The UK Supreme Court has delivered a significant ruling on the issue of balance sheet insolvency tests within insolvency court cases.

The ruling upheld a decision by the Court of Appeal (March 2011) in BNY Corporate Trustee Services v Eurosail UK that the existence of a deficit between assets and liabilities was not in itself sufficient reason to declare a firm insolvent.

Oliver Glynn-Jones, finance dispute resolution partner at BLP LLP, representing Eurosail in the case, warns of the implications that the ruling may have on future insolvency cases.

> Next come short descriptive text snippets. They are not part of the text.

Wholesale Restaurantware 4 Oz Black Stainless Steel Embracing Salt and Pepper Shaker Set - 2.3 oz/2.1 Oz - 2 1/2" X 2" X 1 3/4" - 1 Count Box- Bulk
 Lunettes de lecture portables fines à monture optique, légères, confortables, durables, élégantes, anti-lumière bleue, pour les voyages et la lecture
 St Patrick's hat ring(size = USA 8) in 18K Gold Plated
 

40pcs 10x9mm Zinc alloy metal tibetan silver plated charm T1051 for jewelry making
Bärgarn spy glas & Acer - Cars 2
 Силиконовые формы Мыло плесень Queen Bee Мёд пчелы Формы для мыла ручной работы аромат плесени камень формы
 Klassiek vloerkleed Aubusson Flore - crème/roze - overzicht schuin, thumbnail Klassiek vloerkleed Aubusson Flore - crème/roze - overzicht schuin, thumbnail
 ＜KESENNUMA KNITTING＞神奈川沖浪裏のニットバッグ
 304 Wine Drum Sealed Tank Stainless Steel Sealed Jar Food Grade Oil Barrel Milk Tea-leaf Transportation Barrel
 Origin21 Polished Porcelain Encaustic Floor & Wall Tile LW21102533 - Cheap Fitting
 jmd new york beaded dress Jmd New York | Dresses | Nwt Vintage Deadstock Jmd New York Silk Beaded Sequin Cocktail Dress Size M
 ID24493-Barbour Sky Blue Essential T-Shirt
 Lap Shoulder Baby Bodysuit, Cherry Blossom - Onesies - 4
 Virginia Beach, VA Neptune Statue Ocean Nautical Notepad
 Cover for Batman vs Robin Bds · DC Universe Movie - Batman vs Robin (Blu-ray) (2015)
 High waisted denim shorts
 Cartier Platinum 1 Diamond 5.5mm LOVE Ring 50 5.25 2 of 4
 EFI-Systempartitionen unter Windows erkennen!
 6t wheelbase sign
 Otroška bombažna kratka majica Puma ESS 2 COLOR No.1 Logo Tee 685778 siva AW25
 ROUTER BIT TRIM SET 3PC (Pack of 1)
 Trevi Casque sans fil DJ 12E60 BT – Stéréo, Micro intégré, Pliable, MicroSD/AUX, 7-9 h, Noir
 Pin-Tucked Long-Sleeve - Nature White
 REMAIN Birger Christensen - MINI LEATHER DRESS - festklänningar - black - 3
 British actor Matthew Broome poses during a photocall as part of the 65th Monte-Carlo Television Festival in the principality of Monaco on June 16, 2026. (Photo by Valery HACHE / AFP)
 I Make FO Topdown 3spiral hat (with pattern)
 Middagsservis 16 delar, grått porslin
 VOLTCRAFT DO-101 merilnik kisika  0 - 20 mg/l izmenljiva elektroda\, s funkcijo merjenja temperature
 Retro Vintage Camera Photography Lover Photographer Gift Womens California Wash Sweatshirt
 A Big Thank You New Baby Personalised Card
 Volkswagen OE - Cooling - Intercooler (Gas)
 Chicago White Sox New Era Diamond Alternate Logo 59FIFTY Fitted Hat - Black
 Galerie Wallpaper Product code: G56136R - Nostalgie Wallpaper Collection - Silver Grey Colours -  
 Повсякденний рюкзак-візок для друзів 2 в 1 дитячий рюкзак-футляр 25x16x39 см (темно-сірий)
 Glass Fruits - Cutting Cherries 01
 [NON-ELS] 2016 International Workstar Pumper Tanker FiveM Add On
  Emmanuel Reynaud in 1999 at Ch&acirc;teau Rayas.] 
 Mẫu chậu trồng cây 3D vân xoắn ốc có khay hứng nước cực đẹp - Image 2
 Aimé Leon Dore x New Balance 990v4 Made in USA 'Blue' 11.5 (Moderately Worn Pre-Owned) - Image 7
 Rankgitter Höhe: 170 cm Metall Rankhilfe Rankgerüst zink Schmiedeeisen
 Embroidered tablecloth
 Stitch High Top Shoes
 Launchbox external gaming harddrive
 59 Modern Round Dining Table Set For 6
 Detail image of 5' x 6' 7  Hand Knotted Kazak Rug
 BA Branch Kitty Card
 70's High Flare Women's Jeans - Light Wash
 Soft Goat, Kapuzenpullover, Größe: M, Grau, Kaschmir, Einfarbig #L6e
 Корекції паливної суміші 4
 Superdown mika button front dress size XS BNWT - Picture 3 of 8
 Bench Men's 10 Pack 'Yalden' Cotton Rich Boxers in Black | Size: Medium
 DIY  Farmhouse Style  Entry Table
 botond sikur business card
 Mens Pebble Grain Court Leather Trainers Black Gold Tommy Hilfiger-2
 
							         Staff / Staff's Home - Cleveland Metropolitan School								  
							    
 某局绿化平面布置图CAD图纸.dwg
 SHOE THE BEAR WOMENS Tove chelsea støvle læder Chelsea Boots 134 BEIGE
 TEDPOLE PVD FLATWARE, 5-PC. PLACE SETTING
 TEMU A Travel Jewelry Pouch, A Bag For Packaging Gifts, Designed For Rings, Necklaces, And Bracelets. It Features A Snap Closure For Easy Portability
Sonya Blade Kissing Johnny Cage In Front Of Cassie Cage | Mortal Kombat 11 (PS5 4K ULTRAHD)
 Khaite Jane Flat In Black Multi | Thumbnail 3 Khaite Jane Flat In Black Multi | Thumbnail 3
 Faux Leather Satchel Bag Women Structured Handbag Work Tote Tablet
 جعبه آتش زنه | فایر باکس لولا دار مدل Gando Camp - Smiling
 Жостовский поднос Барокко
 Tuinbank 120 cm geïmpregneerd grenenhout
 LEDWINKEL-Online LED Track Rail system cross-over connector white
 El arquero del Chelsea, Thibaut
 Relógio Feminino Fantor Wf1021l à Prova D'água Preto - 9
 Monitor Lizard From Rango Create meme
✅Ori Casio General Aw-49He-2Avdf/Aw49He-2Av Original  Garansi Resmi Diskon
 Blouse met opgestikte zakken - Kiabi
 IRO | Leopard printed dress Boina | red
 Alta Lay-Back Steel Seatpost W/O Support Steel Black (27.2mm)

He explains: “The Supreme Court’s judgment that a court must approach the question of balance sheet insolvency with caution and that the onus is on a petitioning party to demonstrate on the balance of probabilities that there will be insufficient assets to meet liabilities is likely to deter some parties from petitioning on this basis.”

As a result of the ruling, Eurosail was not deemed unable to pay its debts within the meaning of section 123(2) of the Insolvency Act 1986.

The Supreme Court also rejected the “no point of return” solvency test, adopted by Lord Neuberger in the Court of Appeal judgement – despite this expression having entered common usage.

Glynn-Jones said: “The Supreme Court has demonstrated the mix of factors and issues that must be weighed up when considering the concept of balance sheet insolvency.

“It is not just a question of taking a snapshot at a point in time and relying on that. The ramifications of the case for both securitisation parties and insolvency practitioners are significant.

“It is not enough to show that the balance sheet shows a deficit.”